54 thoughts on “Big Growth for the Internet Ahead, Cisco Says”

  1. 3G is the third generation of mobile phone standards and technology, superseding 2G. It is based on the International Telecommunication Union (ITU) family of standards under the International Mobile Telecommunications programme, IMT-2000. 3G technologies enable network operators to offer users a wider range of more advanced services while achieving greater network capacity through improved spectral efficiency. Services include wide-area wireless voice telephony, video calls, and broadband wireless data, all in a mobile environment. Additional features also include HSPA data transmission capabilities able to deliver speeds up to 14.4Mbit/s on the downlink and 5.8Mbit/s on the uplink. Unlike IEEE 802.11 networks, 3G networks are wide area cellular telephone networks which evolved to incorporate high-speed internet access and video telephony. IEEE 802.11 (common names Wi-Fi or WLAN) networks are short range, high-bandwidth networks primarily developed for data.

  2. @ Searchgov, of course it is their bread and butter. Anyway if it was pure hype I would have totally ignored this one, but it is just part of a larger trend.

  3. It is the exponential growth predicted by the law of Accelerating Returns.
    Still surprisingly, the capacity of flash cards doubles every year, and so it will do the number of cores in a chip processor, the hard-drives capacity and even the broadband bandwidth we enjoy at home (compare the 256kbps ADSL offered in 2002 with the 10-15Mbps you can get in 2008 and do the maths of growth).

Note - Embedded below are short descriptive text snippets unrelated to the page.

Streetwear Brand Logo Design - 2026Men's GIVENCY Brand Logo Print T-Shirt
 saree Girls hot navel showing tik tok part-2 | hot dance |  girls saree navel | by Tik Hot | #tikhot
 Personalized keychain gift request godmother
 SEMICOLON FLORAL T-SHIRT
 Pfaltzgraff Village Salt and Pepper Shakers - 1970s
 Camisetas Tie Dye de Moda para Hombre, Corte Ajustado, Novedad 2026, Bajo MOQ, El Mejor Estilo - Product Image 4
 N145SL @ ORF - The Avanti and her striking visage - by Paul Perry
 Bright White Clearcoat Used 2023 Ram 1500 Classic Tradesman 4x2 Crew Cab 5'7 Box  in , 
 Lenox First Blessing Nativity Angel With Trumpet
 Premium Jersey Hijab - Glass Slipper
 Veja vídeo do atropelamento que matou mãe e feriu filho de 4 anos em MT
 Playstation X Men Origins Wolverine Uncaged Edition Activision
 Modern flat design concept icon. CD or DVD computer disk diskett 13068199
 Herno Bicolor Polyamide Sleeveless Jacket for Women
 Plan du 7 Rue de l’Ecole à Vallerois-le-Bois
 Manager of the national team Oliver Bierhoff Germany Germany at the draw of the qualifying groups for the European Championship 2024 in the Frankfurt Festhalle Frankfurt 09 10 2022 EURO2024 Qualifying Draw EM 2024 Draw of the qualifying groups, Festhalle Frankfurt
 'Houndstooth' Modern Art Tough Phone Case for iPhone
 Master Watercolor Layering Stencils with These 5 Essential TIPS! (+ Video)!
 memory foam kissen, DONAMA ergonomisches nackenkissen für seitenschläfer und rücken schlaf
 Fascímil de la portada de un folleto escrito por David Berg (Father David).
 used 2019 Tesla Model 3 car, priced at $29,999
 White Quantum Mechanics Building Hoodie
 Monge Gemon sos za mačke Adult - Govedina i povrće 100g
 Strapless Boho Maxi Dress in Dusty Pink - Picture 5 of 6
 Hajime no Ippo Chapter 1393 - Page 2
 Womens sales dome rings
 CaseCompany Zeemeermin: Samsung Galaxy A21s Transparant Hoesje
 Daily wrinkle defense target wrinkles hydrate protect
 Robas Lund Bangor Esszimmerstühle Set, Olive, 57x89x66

    With HD getting into mainstream in the coming years, and entertainment industry totally digitalized, Cisco predictions could even stay short. I am sure we will find plenty of applications to load the computers of tomorrow: link

  4. This certainly bodes well for anyone in the SEM industry. It seems that despite the current economy that this kind of job may in fact be recession proof as internet usage is going to continue to rise despite other factors.

  5. “Traffic on the world’s networks will increase 46 percent from 2007 to 2012, nearly doubling every two years.”

    46 percent over 6 years would be 7.6% per year, pretty modest.

    Om, I think you mean:
    Traffic on the world’s networks will increase 46 percent annually from 2007 to 2012, nearly doubling every two years.

  6. I think the today’s Internet is the just begining… we didn’t touch the botton and I think, we are far far way… Imagine now when the 3G phones like Apple’s IPhone became cheaper and accessible?

  7. hmmm….interesting predictions – but thats all they are predictions – lottery predicitons is what we need… wouldnt take a genius to predict that internet usage will continue to increase in the near future. everyones making money out of the high usage of companies – so many providers now offering isp bonding, even qos bandwidth management to priortise and shape traffic, fibre being deployed in uk areas, internet link load balancers, voip providers, data compressioners, mpls the list is endless……………………………..now would these people really exist if internet usage would grow……?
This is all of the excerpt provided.